Napthens - April 8th 2021

The Employment Appeal Tribunal (EAT) has recently heard the case of McTear Contracts Ltd v Bennett & ors which substantially revises how TUPE will apply under domestic law with regards to service provision changes when those services are fragmented.

A principle was established by the European Court of Justice in ISS Facility Services NV v Govaerts that under the Acquired Rights Directive when there is a business transfer to multiple transferees and the business is being split up, the affect of TUPE would be to transfer the employment of those employees to each of those multiple transferees in the proportion of which they perform their duties..

There was an outstanding issue following this decision as it was unclear whether the principle decided in Govaerts also applied to a service provision change transfer under Regulation 3(1)(B) of TUPE. This point was considered in McTear Contracts Ltd v Bennett & ors which was heard by the EAT.

Facts - McTear Contracts Ltd v Bennett & ors

A client local authority re-tendered a contract for the replacement of kitchens throughout its social housing. This work was previously carried out by a single contractor who had two dedicated teams of employees who undertook the work. Following the re-tender activity, the contract was awarded to two new contractors on a geographical basis.

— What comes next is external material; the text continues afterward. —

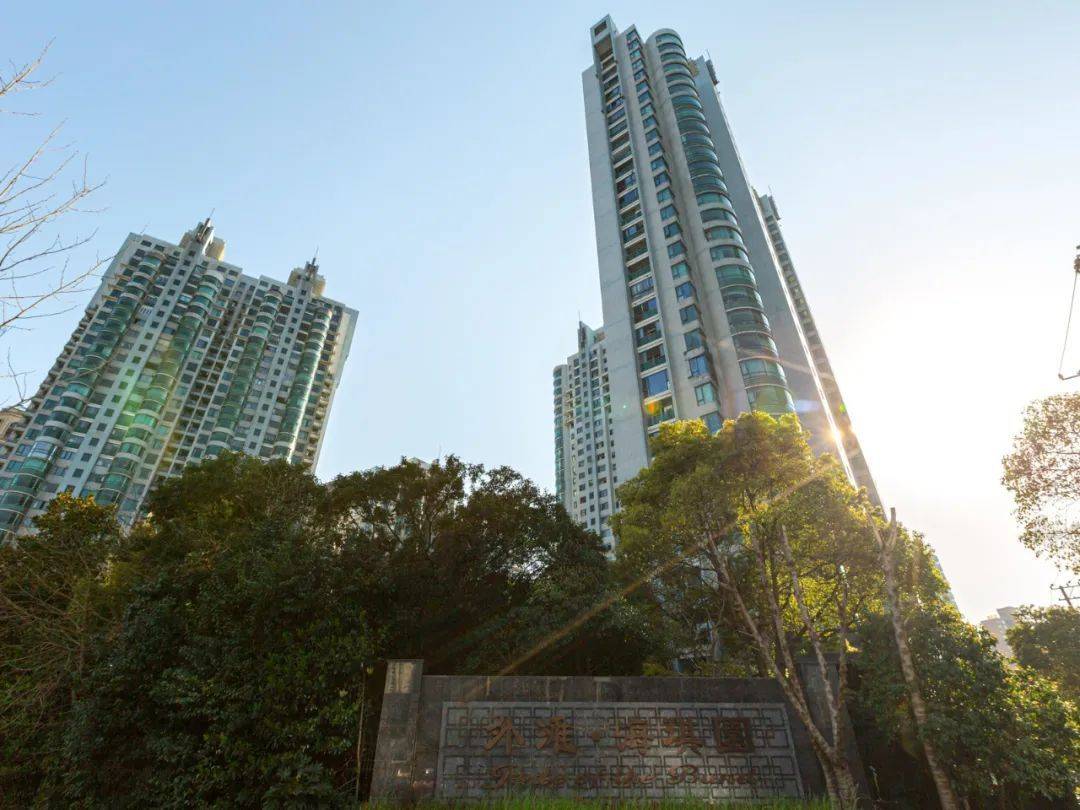 顶楼复式带露台海琪园建面278平4房售价4880万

It was accepted that there has been a service provision change, but there was a dispute surrounding the allocation of the transferor’s employees to the two new contractors.


Despite there being no requirement to apply Govaerts to the domestic service provision change under regulation 3(1)(B) of TUPE, the tribunal held it would be undesirable for there to be a difference in the approach to the transfer of employment under Regulation 4, according to whether the relevant transfer was a business transfer under Regulation 3(1)(a), or a service provision change under reg 3(1)(b).

As a result of this decision, employees who are assigned to an undertaking that becomes fragmented upon transfer can be transferred to multiple transferees under English law.

There are some exceptions to the principle which are:

  • dual vicarious liability is still permitted in the case of alleged negligence by the employee. This means that more than one employer can be found liable for the negligent act of an employee upon fragmented transfer, dependant on the facts of each case in turn. This will contribute to the risk of cases being brought against multiple employers where an employee has been negligent.
  • employees cannot have two ‘masters’ for the same work; however this does not prevent the employee from having different employers on different jobs.


This decision will require a change in the approach for cases where an outgoing service provider is replaced by multiple parties and will trigger consideration as to whether an employee’s contract should be divided between multiple transferees.

As a result, this principle could cause real difficulty for the party’s as there does not appear to be a method to determine how the employees should be divided between transferee’s and nor is there guidance for how liabilities will be split across different transferees. Furthermore, there is a real risk that the division of contracts of employment could adversely impact on employee’s working conditions and their rights, giving rise to automatically unfair dismissal issues. Employers should tread carefully and fully consider their position based on the circumstances in which they find themselves.